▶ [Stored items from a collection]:
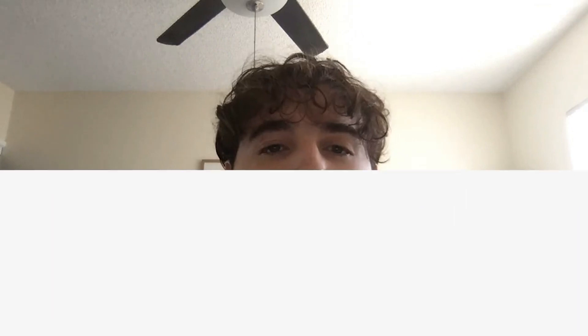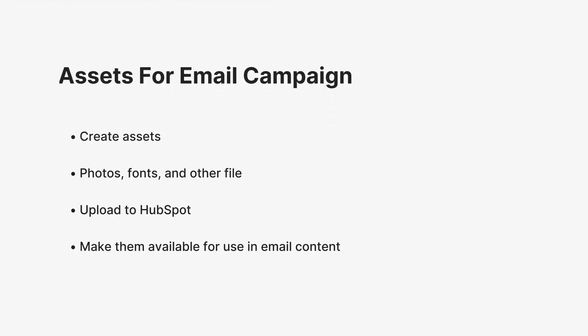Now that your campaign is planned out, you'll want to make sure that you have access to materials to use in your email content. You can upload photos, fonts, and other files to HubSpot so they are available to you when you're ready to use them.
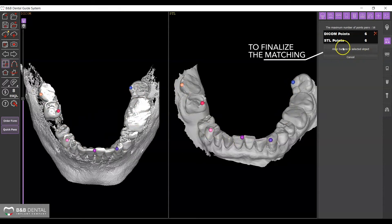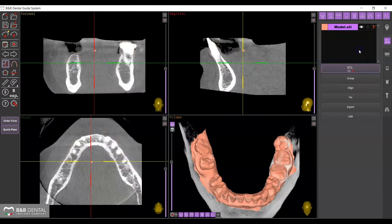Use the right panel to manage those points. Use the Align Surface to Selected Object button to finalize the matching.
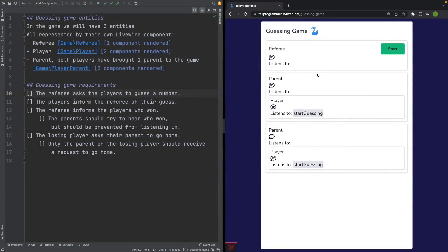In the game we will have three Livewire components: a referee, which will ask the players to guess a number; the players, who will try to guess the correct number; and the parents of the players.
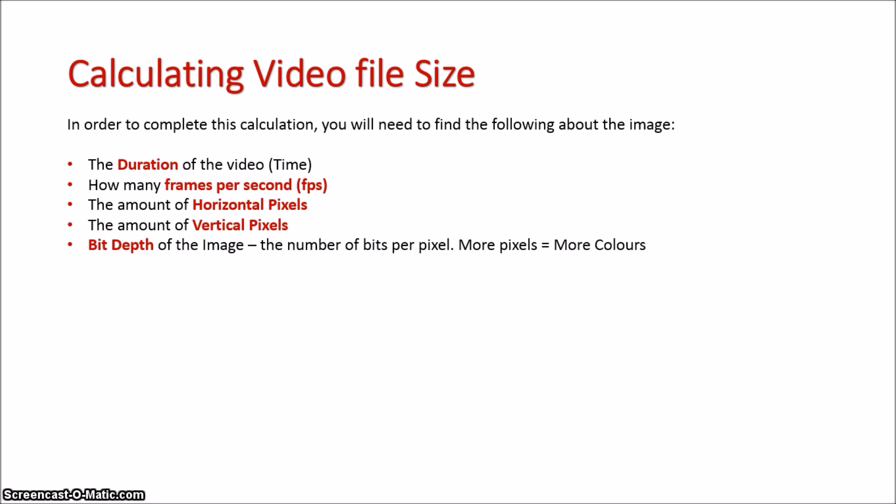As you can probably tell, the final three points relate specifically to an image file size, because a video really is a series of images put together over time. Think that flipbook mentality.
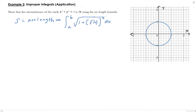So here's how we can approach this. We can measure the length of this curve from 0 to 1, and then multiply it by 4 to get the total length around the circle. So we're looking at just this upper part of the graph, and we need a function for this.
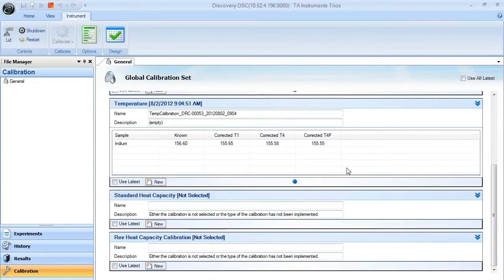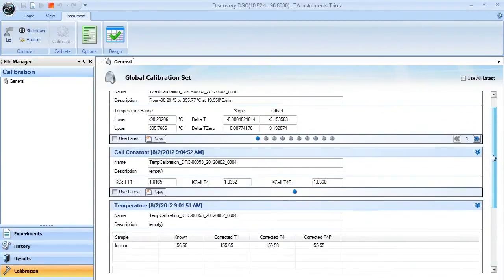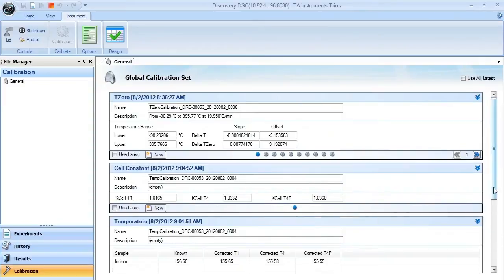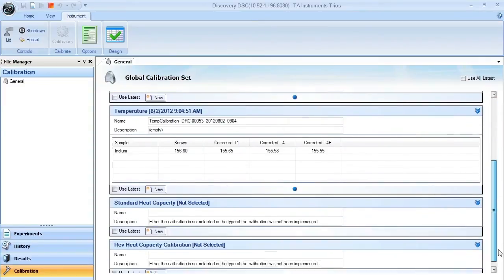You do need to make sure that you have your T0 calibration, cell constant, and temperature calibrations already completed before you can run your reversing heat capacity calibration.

▶ [Task statement]: Retype all records exactly as shown above, images excluded.

▶ [Solution for this exercise]:
Now that your campaign is planned out, you'll want to make sure that you have access to materials to use in your email content. You can upload photos, fonts, and other files to HubSpot so they are available to you when you're ready to use them.
Use the right panel to manage those points. Use the Align Surface to Selected Object button to finalize the matching.
In the game we will have three Livewire components: a referee, which will ask the players to guess a number; the players, who will try to guess the correct number; and the parents of the players.
As you can probably tell, the final three points relate specifically to an image file size, because a video really is a series of images put together over time. Think that flipbook mentality.
So here's how we can approach this. We can measure the length of this curve from 0 to 1, and then multiply it by 4 to get the total length around the circle. So we're looking at just this upper part of the graph, and we need a function for this.
You do need to make sure that you have your T0 calibration, cell constant, and temperature calibrations already completed before you can run your reversing heat capacity calibration.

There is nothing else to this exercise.